We have fun spending time in the fresh air, running around, and believe it or not we can get language and relationship activities done at the park. Kids are very often on the move and that’s definitely developmentally appropriate. So, when we can find ways to enrich language skills and relationship skills while they’re moving, it is a win for everyone.
Very often when we think of speech and language skills, we think of words and the sounds we use to form the words. There are actually a set of skills children need before they use words; these are called prelinguistic communication skills. Prelinguistic communication skills include gestures, vocalizations, eye-gaze, and facial expressions. They include a set of skills called joint attention (when two people share an interest in an object and event) social reciprocity (or initiating conversation, turn-taking, and responding to communication). Most of the time babies are very skilled at prelinguistic communication by 9-15 months of age. Children with language delays and Autism may take more time to learn these skills and require specific practice.
The park can be a great place to work on these skills. The park allows your child to move around freely and engage their sensory motor skills, which may activate different parts of the brain, and help your child be more open to building relationships, and/or language skills.
Let’s start on the swings, because this is often the first thing a child can use at the park. Whether your child is sitting in a bucket swing or a regular swing try standing in front of them to push, this way you and your child are face to face. Once you’ve established swinging as a fun game, try holding the swing like you are ready to let go, but wait for your child to look at you. Once they look at you, let them go and say “swing”, “weee”, or “go”. That way you’ve established joint attention, reinforced the eye-contact and given a language model. To build on this and sustain the eye-gaze for longer you can say “ready-set-go” or “one-two-three-go.” Once you’ve established joint attention, you can build anticipation by changing the amount of time you wait between words in the phrase. Finally, wait until your child gestures, signs, or uses a word before you let go. Remember the rule of plus one/two: for every word your child says you repeat the phrase adding one-two words to help build language skills.
After the swing, the slide is a great way to work on language and relationship skills. Let your child climb to the top of the slide and then playfully block them from going down. Again, you can wait for eye-contact, a gesture, or a word to move out of the way. Great vocabulary words to work on with the slide include: go, stop, up, down, high, low, slow and fast. If you are at a park that has a double slide, try going down next to your child. At the bottom try to sustain their attention with a high-five and say “we did it!” See if you’ll child will request ‘more slide’ thereby building more social reciprocity into the activity by extending the turn taking. You can see how long you can keep the turn taking going by keeping the sliding game fun.
Another structure we like to play with at the park is the merry-go-round. My favorite thing to do with the merry-go-round is to sing a simple song:
“Round and Round on the merry-go-round
Round and Round on the merry go-round
Round and Round on the merry-go-round
You do exactly what the words say and then wait for your child to look at you, gesture, or request more. Songs are great way to help promote language learning.
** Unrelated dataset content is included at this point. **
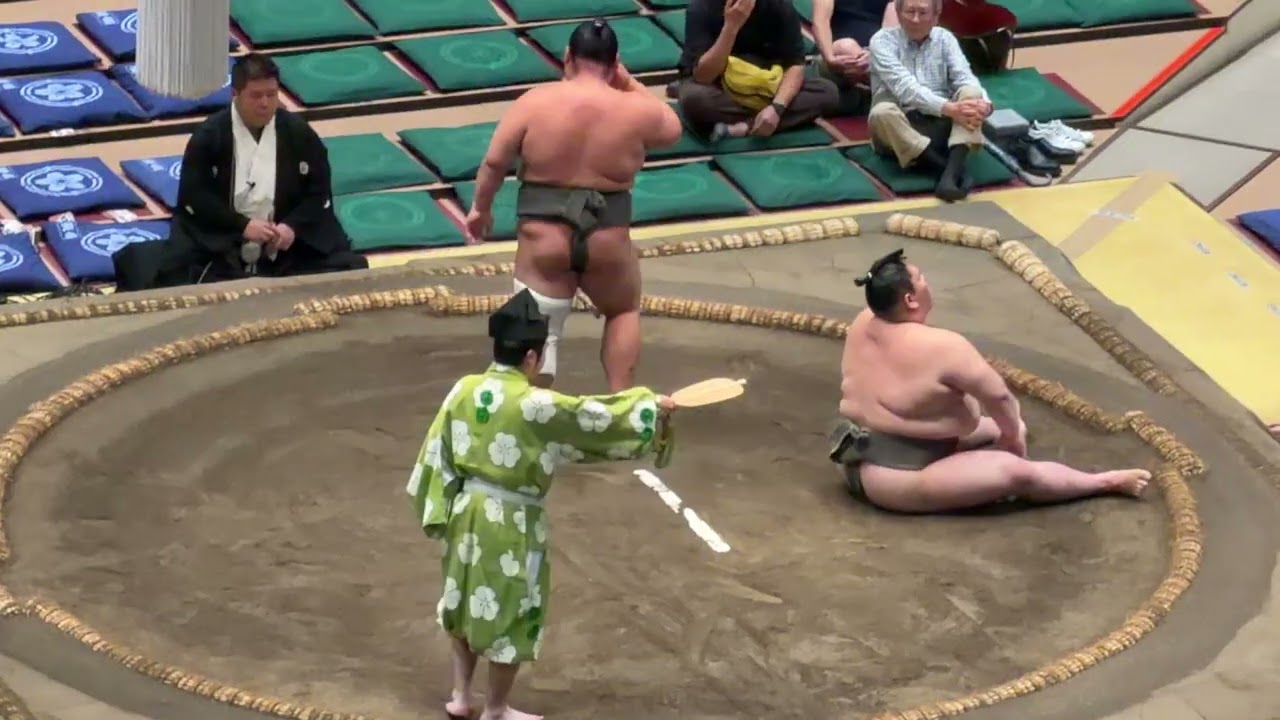 速報❗️二子山部屋 出沼 vs 丸勝【大相撲令和8年9月場所】中日 8日目 Futagoyama DENUMA vs MARUSHO【SUMO SEP DAY8】2026/9/20 秋場所 background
They have predictable words in a predictable order, they may have predictable actions your child can do, and they lend themselves to predictable turn-taking. Once your child is familiar with this song or any song, pause and see if your child will fill in the next word/phrase. If they do keep singing and try pausing in more places. If your child doesn’t fill in the word, fill in the words for them after the pause and try again another time. Another song you can sing with the merry-go-round is Ring-Around-the-Rosey, instead of falling down you can say, “stop.”
Once your child tries some of these activities at the park they will become part of a routine, or predictable pattern which young children and children with Autism and language delays love. The routine you build will not only help build social communication, and expressive communication but also comprehension. Once you have a well established routine try changing things up just a little. For example, try spinning the swing instead of pushing it back and forth. This may surprise your child, which may cause him to look at you and smile (i.e. joint attention), and it will give your child something else to request in the future (i.e. social reciprocity).
Other language building activities to expand park play include:
The most important thing to remember is to have fun with your child at the park. We all learn best when we are interested in the activity and when we are having fun.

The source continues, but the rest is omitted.